Except for rewinding, the source connector preserves the order of changes within the same Couchbase partition (or "virtual bucket"), and changes to a document are published in the order they occurred.
The order between changes in different Couchbase partitions is not guaranteed.
When a document is removed from Couchbase due to expiration, the connector does not publish the deletion until the expired document is purged from Couchbase.
The source connector does not guarantee every version of a document will be reflected in the Kafka topic.
For example, if a Couchbase document value changes rapidly from V1 → V2 → V3 , or if the connector is not running when the change occurs, the connector is only guaranteed to publish the latest value (V3 ).

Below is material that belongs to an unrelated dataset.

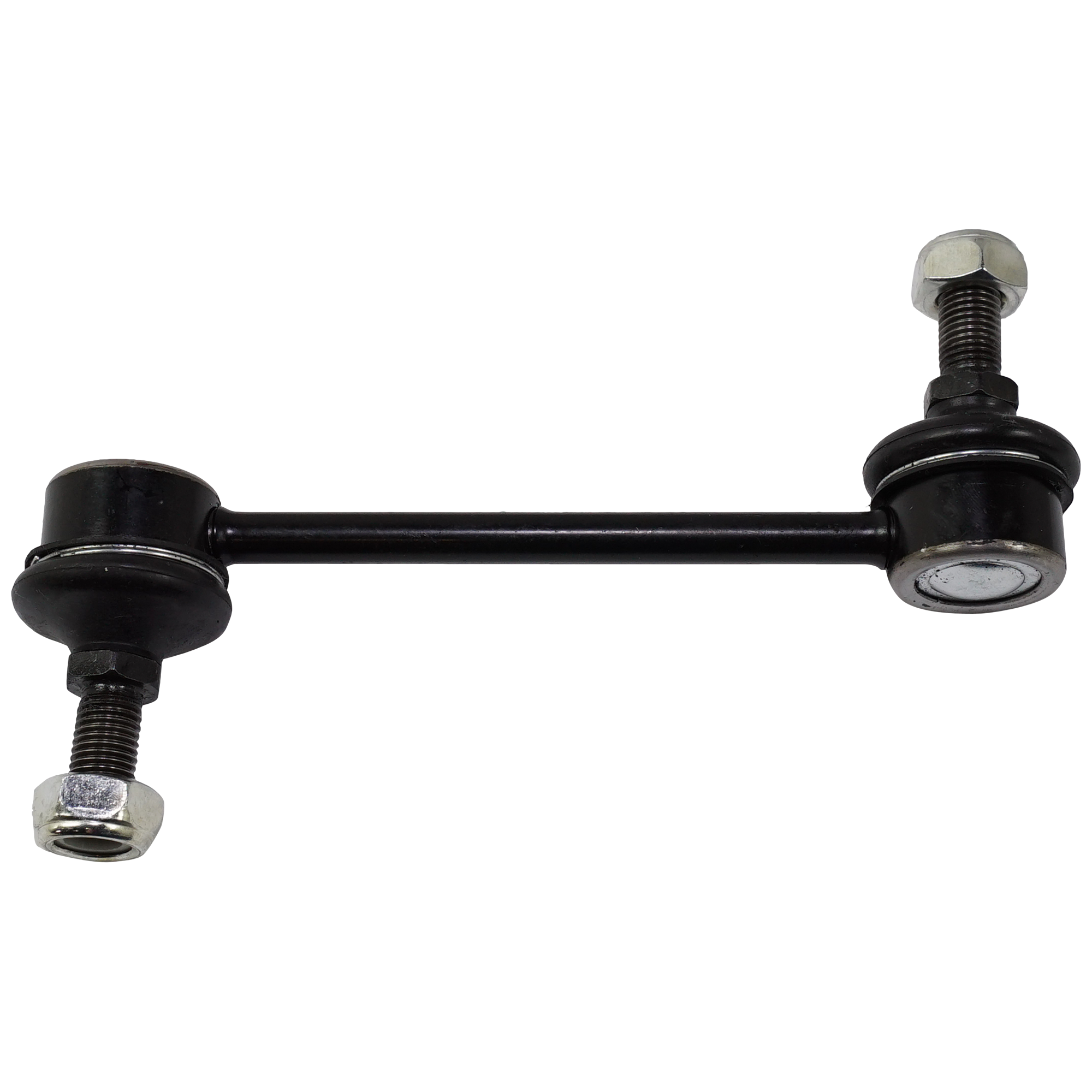 AM ELANTRA 01-06 TIBURON 03-08 REAR SWAY BAR LINK RH=LH SKU JH28680033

In other words, changes to the same document may be "deduplicated", in which case only the latest version is published.
|
For use cases that require every document version be reflected in the event stream, some possible options are:
-
Configure the source bucket and/or collections to preserve historical document versions (requires Couchbase Server 7.2 or later). The connector publishes every historical document version it encounters. Be aware that Couchbase Server does not store historical document versions forever. Document changes that are evicted from history become eligible for deduplication. See the Change History page.
-
Alternatively, treat the documents as immutable, and write a new document for each application event. In other words, make
V1
,V2
, andV3
separate documents. -
A third option is to include a version history inside each document. For example, the first version of a document would be just
[V1]
. The second version would addV2
, resulting in[V1,V2]
. After addingV3
, it would be[V1,V2,V3]
.
Sink Connector
The sink connector guarantees "at least once" delivery of each record in the Kafka topic. In other words, the sink connector guarantees it will write every Kafka record to Couchbase, unless the record is intentionally discarded by a custom sink handler.

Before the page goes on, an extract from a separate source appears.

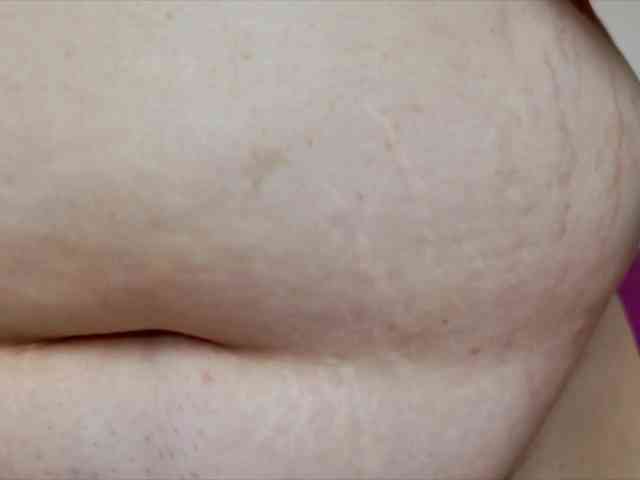 Lindalovesexy webcam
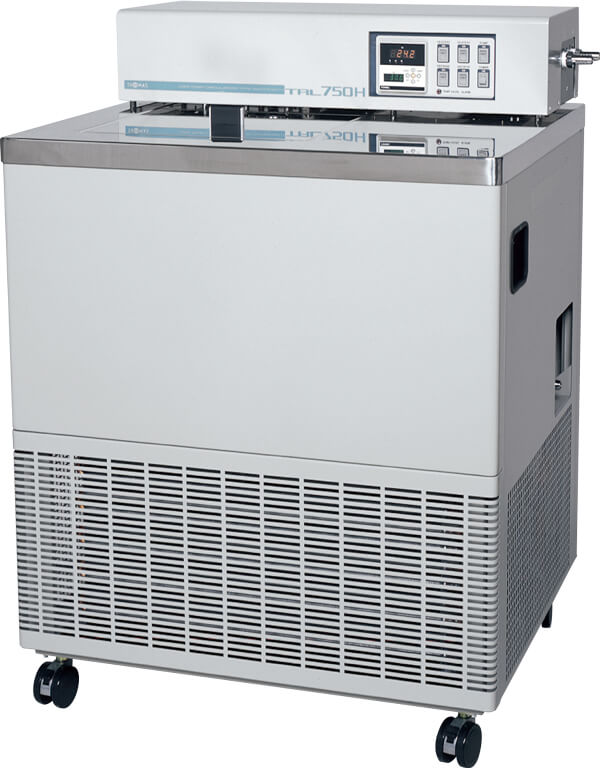THOMAS托马斯   低温恒温水槽   TRL-1500H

To improve the likelihood that every write survives a Couchbase Server failover event, consider configuring the couchbase.durability config property.
|
If the sink connector fails to write a record to Couchbase, it will retry up to the timeout specified by the couchbase.retry.timeout
config property.
If the timeout expires before the write succeeds, the connector terminates.
When you restart the connector, it resumes reading from the Kafka topic at an offset prior to where it stopped. As a result, some records might get written to Couchbase more than once.
Unless the sink connector is reprocessing records after a restart, it preserves the order of changes within the same Kafka partition, and records are written to Couchbase in the order they were published to the topic.
The order between writes for records in different Kafka partitions is not guaranteed.
Avoid random partition assignment
To guarantee documents in Couchbase are eventually consistent with the records in the Kafka topic, avoid random Kafka partition assignment when publishing to the topic.
Always use the default partition assignment strategy, or some other strategy that assigns records with the same key to the same partition.
|